What Is Momentum in Investing?
Before diving into dual momentum, it’s important to understand what momentum means in investing. Simply put, momentum is the tendency for assets that have performed well (or poorly) in the past to continue performing well (or poorly) in the future. Investors use momentum as a signal to identify trends and adjust their portfolios accordingly.
Momentum strategies can be divided into two broad types:
- Relative Momentum: This looks at the performance of one asset relative to others over a specific time period. The idea is to invest in assets that have outperformed their peers.

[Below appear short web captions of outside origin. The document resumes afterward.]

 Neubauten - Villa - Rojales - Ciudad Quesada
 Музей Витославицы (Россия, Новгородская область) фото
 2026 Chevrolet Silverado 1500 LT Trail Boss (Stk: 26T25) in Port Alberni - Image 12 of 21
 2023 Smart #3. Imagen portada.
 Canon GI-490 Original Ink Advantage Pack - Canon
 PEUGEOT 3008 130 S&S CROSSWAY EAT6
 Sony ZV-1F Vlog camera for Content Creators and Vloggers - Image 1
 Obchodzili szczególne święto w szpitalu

- Absolute Momentum: This compares an asset’s performance against its own past performance. It focuses on whether the asset is moving upward or downward compared to its historical returns.
What Is Dual Momentum?
Dual momentum is a strategy that combines both relative and absolute momentum to improve investment outcomes. Here’s how it works:
- Relative Momentum: Dual momentum identifies the best-performing asset class (e.g., stocks, bonds, or cash) by comparing their past returns over a specific period, typically 3 to 12 months. The top-performing asset class is selected for investment.

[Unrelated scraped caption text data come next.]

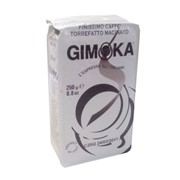 Кофе Gimoka Gusto Ricco Bianco молотый 250г (20) фото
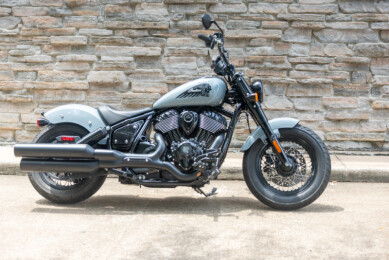 2024 Indian Motorcycle Chief Bobber 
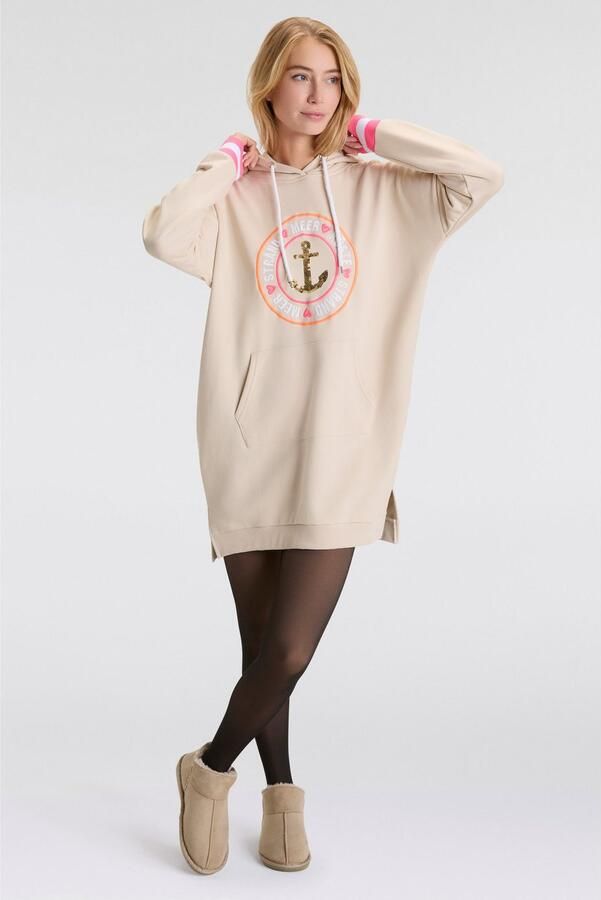 Sarlini Thermopanty DAMES FLEECE VOERING LEGGINGS in transparante look - Foto 7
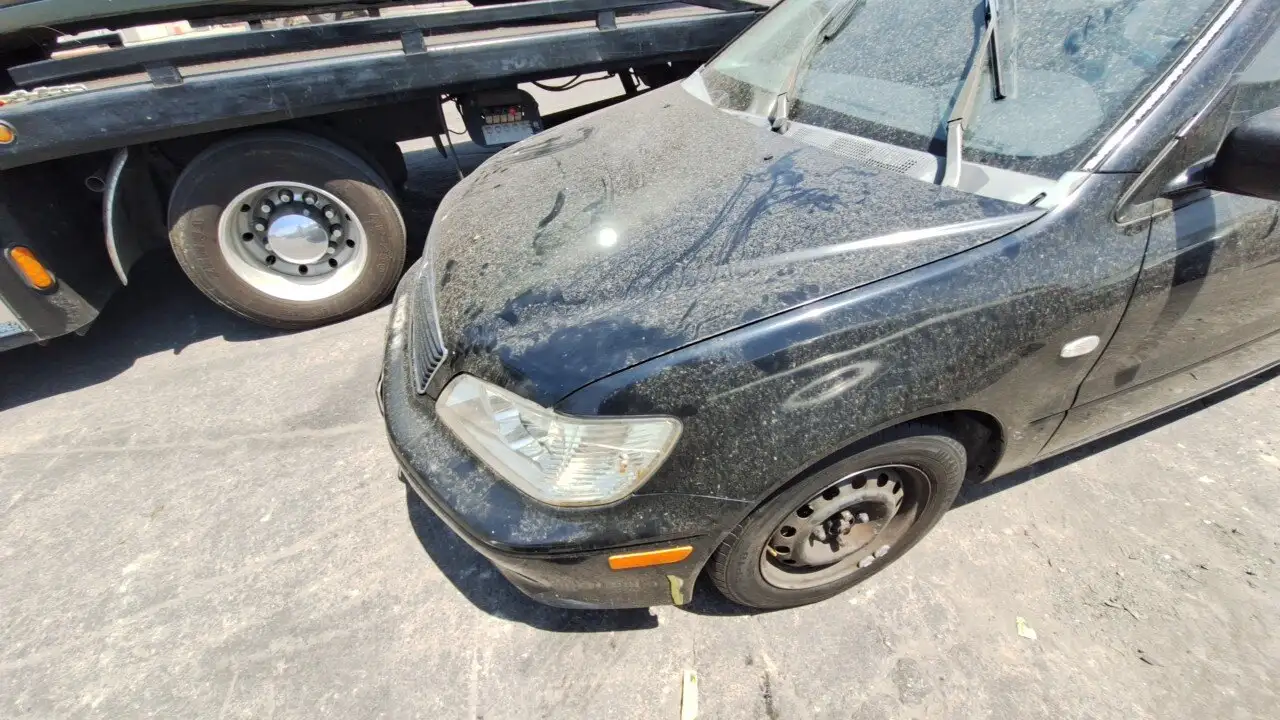 Photo of 2003 Mitsubishi Lancer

- Absolute Momentum: After identifying the best asset class through relative momentum, the strategy checks if that asset class is still performing better than a risk-free rate (like Treasury bills or cash). If the asset’s absolute momentum is positive, you stay invested. If not, you move into a safer asset like bonds or cash.
By combining both types of momentum, dual momentum aims to capture upside potential in strong markets while protecting your portfolio during downturns.

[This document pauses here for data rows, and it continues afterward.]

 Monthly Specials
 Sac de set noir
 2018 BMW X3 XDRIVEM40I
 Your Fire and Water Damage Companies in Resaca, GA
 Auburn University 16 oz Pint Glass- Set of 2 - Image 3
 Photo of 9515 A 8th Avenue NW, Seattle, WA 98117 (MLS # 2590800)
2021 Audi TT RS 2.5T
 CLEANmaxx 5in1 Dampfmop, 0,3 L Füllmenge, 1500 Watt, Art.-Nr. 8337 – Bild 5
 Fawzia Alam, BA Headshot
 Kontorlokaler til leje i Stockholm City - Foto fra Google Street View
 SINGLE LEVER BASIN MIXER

Why Does Dual Momentum Work?
The success of dual momentum lies in its simplicity and effectiveness in multiple market conditions:
- Capturing trends: Relative momentum ensures that you’re invested in the best-performing assets, which helps you ride market trends.
- Managing risk: Absolute momentum serves as a risk control mechanism, moving you out of underperforming markets and into safer assets when needed.
Studies have shown that dual momentum has historically outperformed traditional buy-and-hold strategies by reducing drawdowns and improving risk-adjusted returns.
How to Implement Dual Momentum
Implementing dual momentum doesn’t require complex algorithms or in-depth financial expertise. Here’s a basic example of how you can get started:
- Asset Classes: Choose a set of asset classes to compare, such as U.S. stocks, international stocks, and bonds.
- Lookback Period: Use a lookback period, usually 12 months, to compare the past performance of these asset classes.
- Relative Momentum: Invest in the asset class with the highest return over the lookback period.
- Absolute Momentum: Check if that asset class’s return is higher than the return of a risk-free asset (like a 90-day Treasury bill). If it is, stay invested. If not, move into bonds or cash.
Conclusion
Dual momentum investing is a straightforward yet highly effective strategy that combines the best aspects of relative and absolute momentum. By investing in top-performing assets while avoiding market downturns, this strategy offers the potential for improved returns with less risk. In future articles, we’ll dive deeper into the mechanics of dual momentum, its historical performance, and how you can apply it to your own portfolio.